5. Smart Eye is conducting research on how machine learning and computer vision-based systems can be advanced to detect alcohol intoxication in drivers. How do you actually do this given that these AI-based algorithms need real world training data?
For me, intoxication detection is the next frontier in automotive safety systems. According to the World Health Organization every year 1.3 million people die in road crashes around the world, and more than 20% of these fatalities are estimated to be alcohol related. For over a century we have seen different strategies to combat drunk driving, such as ignition interlocks to roadside alcohol tests, yet none of them have made a big enough difference to prevent accidents caused by intoxicated driving. I think we would all agree that this is a serious societal problem in need of much better solutions.
Today critical research is being conducted by government bodies, the automotive industry, academia and technology companies such as Smart Eye to determine more effective approaches. I believe that in-vehicle sensors and machine-learning based algorithms, similar to the ones we use for DMS, have a lot of potential to better detect impaired and drunk driving versus more traditional methods. As with any AI-based technology, we need large amounts of data to train these algorithms and improve performance. And, as you can imagine, collecting data of drunk drivers in moving vehicles is a very complicated thing to do.
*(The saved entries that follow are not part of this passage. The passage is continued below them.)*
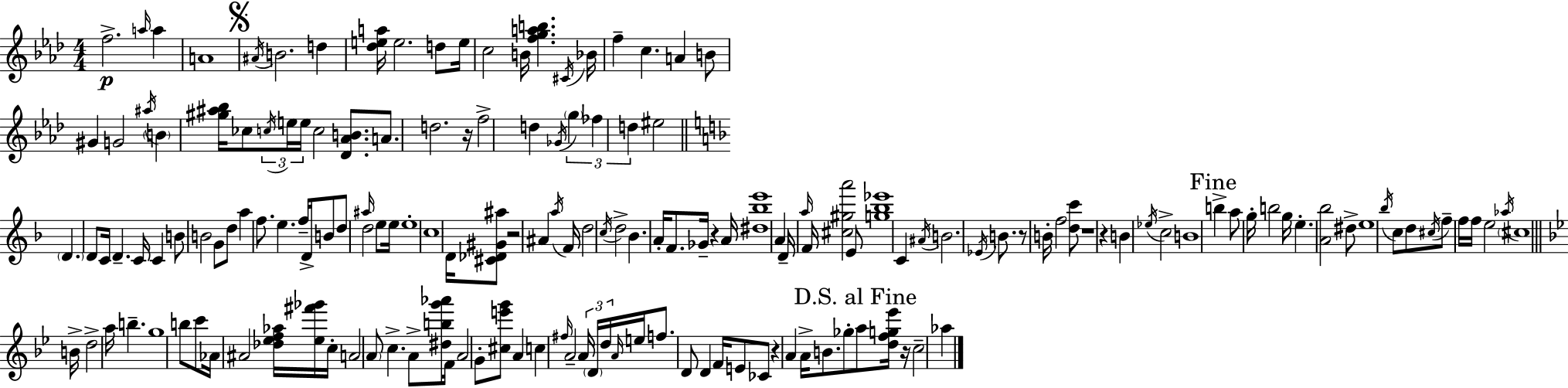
X:1
T:Untitled
M:4/4
L:1/4
K:Fm
f2 a/4 a A4 ^A/4 B2 d [_dea]/4 e2 d/2 e/4 c2 B/4 [fgab] ^C/4 _B/4 f c A B/2 ^G G2 ^a/4 B [^g^a_b]/4 _c/2 c/4 e/4 e/4 c2 [_D_AB]/2 A/2 d2 z/4 f2 d _G/4 g _f d ^e2 D D/2 C/4 D C/4 C B/2 B2 G/2 d/2 a f/2 e f/4 D/4 B/2 d/2 ^a/4 d2 e/2 e/4 e4 c4 D/4 [^C_D^G^a]/2 z2 ^A a/4 F/4 d2 c/4 d2 _B A/4 F/2 _G/4 z A/4 [^d_be']4 A D/4 a/4 F/4 [^c^ga']2 E/2 [g_b_e']4 C ^A/4 B2 _E/4 B/2 z/2 B/4 f2 [dc']/2 z4 z B _e/4 c2 B4 b a/2 g/4 b2 g/4 e [A_b]2 ^d/2 e4 _b/4 c/2 d/2 ^c/4 f/2 f/4 f/4 e2 _a/4 ^c4 B/4 d2 a/4 b g4 b/2 c'/2 _A/4 ^A2 [_d_ef_a]/4 [_e^f'_g']/4 c/4 A2 A/2 c A/2 [^dbg'_a']/4 F/4 A2 G/2 [^ce'g']/2 A c ^f/4 A2 A/4 D/4 d/4 A/4 e/4 f/2 D/2 D F/4 E/2 _C/2 z A A/4 B/2 _g/2 a/2 [dfg_e']/4 z/4 c2 _a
At Smart Eye, we have been doing quite a bit of research for detection of drunk driving. One interesting study is called Fit 2 Drive, a collaboration between Smart Eye and the Swedish National Road and Transport Research Institute (VTI). So far this project has been able to collect data from more than 30 participants while we gradually increased their blood alcohol concentration. We then let the participants drive a car equipped with multiple sensors on an enclosed racetrack. This was our first collection of data that captures visual information from the driver, giving valuable insight into how different people behave at different levels of intoxication.
Getting this study off the ground was not easy. In Sweden, driving while intoxicated is illegal even in very controlled situations on an enclosed test track. To conduct the study, we had to get special permission from the Swedish government. But despite the complicated processes of collecting data from drunk drivers, these types of studies are absolutely necessary for future research on driver impairment. If you would like to learn more about how we collected data from drunk drivers have a look at this video.
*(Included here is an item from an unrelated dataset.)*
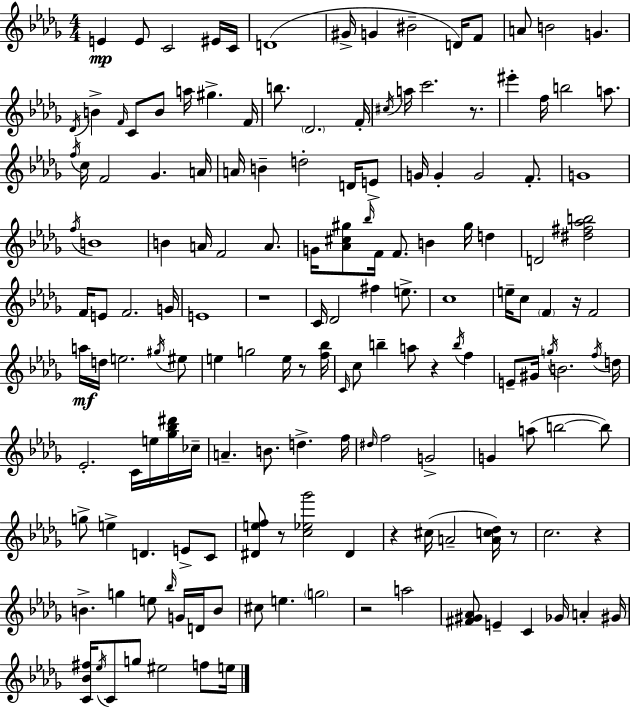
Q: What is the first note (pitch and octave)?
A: E4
As an industry we are certainly in the early stages of this type of research, however the potential of driver monitoring systems that can detect alcohol intoxication carries a lot of hope that drunk driving is a problem that can be solved with better technology solutions.
6. The conversation around in-cabin technology is growing rapidly – how do you anticipate this impacting development and deployment to market?
We are already seeing OEMs issuing RFQs for in-cabin sensing beyond driver monitoring. This will accelerate the development of functionality and we can expect to see this technology deployed in vehicles on the road in the next several years. This is only the beginning. OEMs will initially implement basic in-cabin features and will expand those over time.
Now is really the right time for the community to come together at InCabin in Brussels in September. This thought-provoking event will offer a forum where industry leaders can have critical conversations and collaborate to advance automotive safety and mobility experiences. I am excited to be part of this important work.